You know there is something a lot of people have lost sight of and that is that a great many people still build homes with the building materials that they find right on the very land where they are going to place their home, or shelter. I see nothing wrong with this idea and as a matter of fact my parents built the foundation of our micro home from stone and mortar in 1929 and that foundation is still as good as the day they built it. We also have some very rugged oak posts in that cellar and they are holding up the main beam for the center line of the first floor. All the walk ways in the yard are made from flat stone and all the garden walls too. Every bit of the stone was dug up on the property and believe me we could never get enough of it. We built everything we could from stone. When they dug and blasted the well they used that stone in the foundation. They did all the work with no electricity and only hand tools.
People used to build entire homes and small factory buildings right here in town from stone using a quick process called “Slip forming,” Google it.
Most of our older buildings have hand-hewn and sawed timbers in them as the major part of their construction. Even the roof shingles were split from cedar logs. In the southwest most homes were built from adobe bricks. Adobe is a wonderful green form of well insulated construction. Even the floors were adobe. Nancy and I were recently visiting the Mission at San Juan Capistrano in California and they have preserved the adobe brick making operation there. I think that adobe is overlooked by far too many people. It is a great DIY material.

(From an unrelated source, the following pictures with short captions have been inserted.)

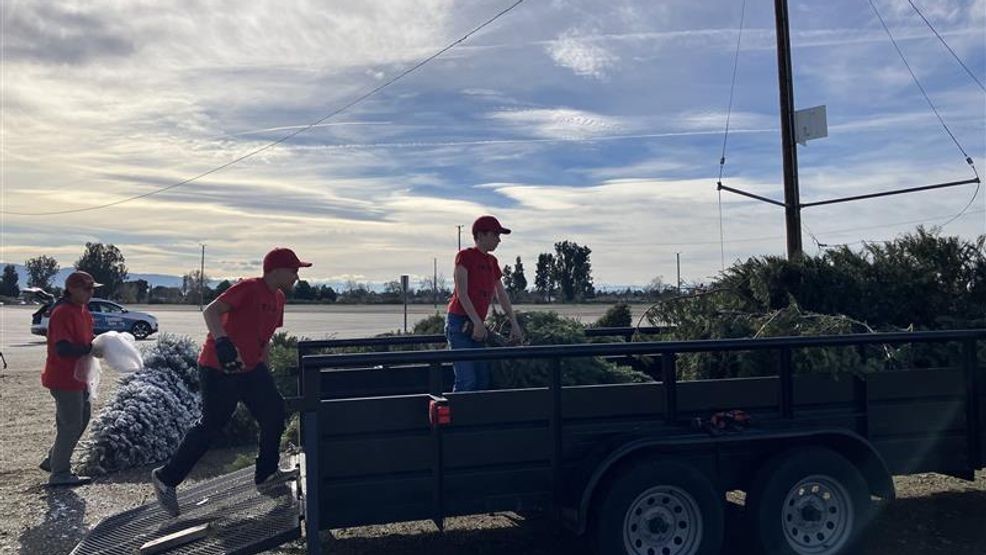 Bakersfield Boy Scouts Troop 712 is helping the community recycle their Christmas trees. The troop has been doing this for over 30 years, collecting approximately 1,000 trees each year, according to their assistant scoutmaster. KBAK/KBFX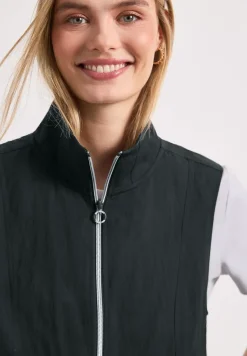 Weste mit Zipper und Tunnelzug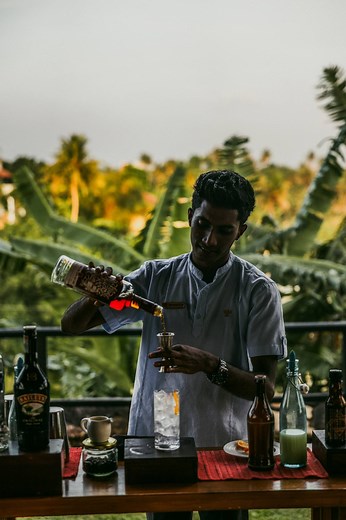 Start your day in the lap of luxury at Cape Weligama, waking up in a stunning suite with breathtaking views of the ocean. Enjoy a leisurely breakfast before heading to the iconic moon pool, where you can bask in the sun and dip into the crystal-clear waters. As the sun begins to set, make your way to the Surf Bar for an unforgettable cocktail artistry experience. Let a talented Cape mixologist guide you through the creation of unique cocktails, blending flavours and techniques with finesse. Sip 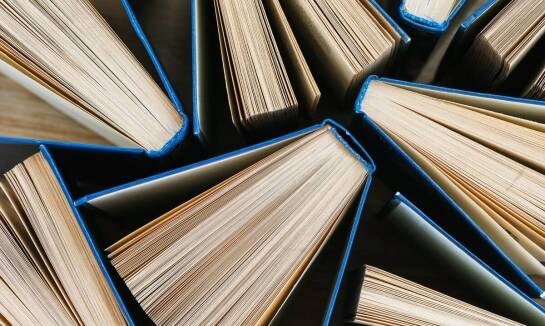 Twórczość Piotra Plebaniaka: jakie tematy dominują w jego książkach?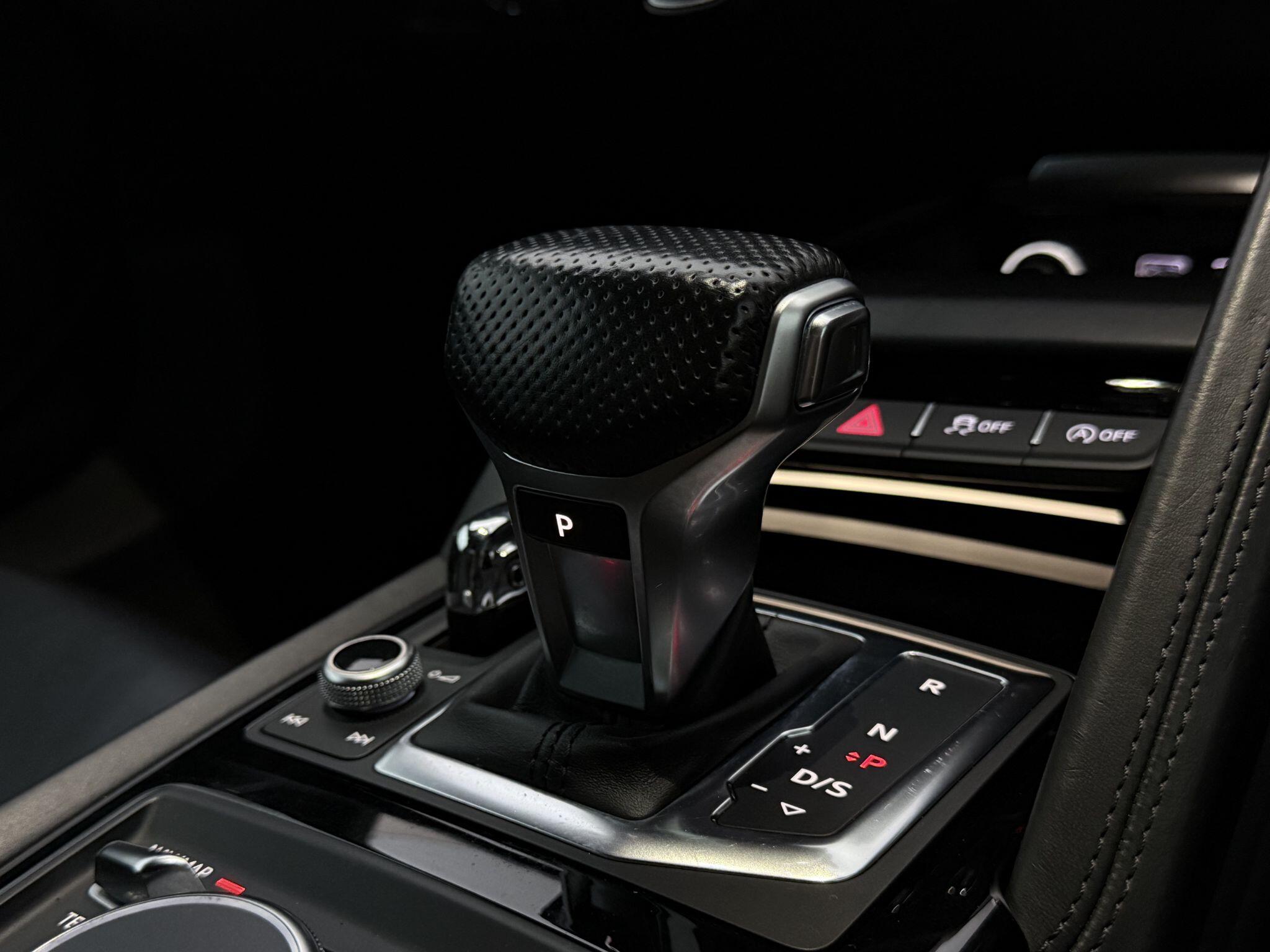 Audi R8 view 40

I believe that people have become far to dependent on major supply houses for their building materials. Think more about stone and timber and mud but with a modern-day twist to bring it up to standard. You may be low on funds, but you always have time if you use it wisely. My parents took about four years to completely finish their home, but we are still using it 82 years later. Thank you Mom and Dad!
God gave most of us two hands, a big brain, and an imagination to go with it. That's a pretty great set of tools in my book. He meant us to use them to the fullest extent, and he didn't mean for wasting time texting, or surfing the Internet either. He meant for us to use them to build a life and not to sit around feeling sorry for ourselves.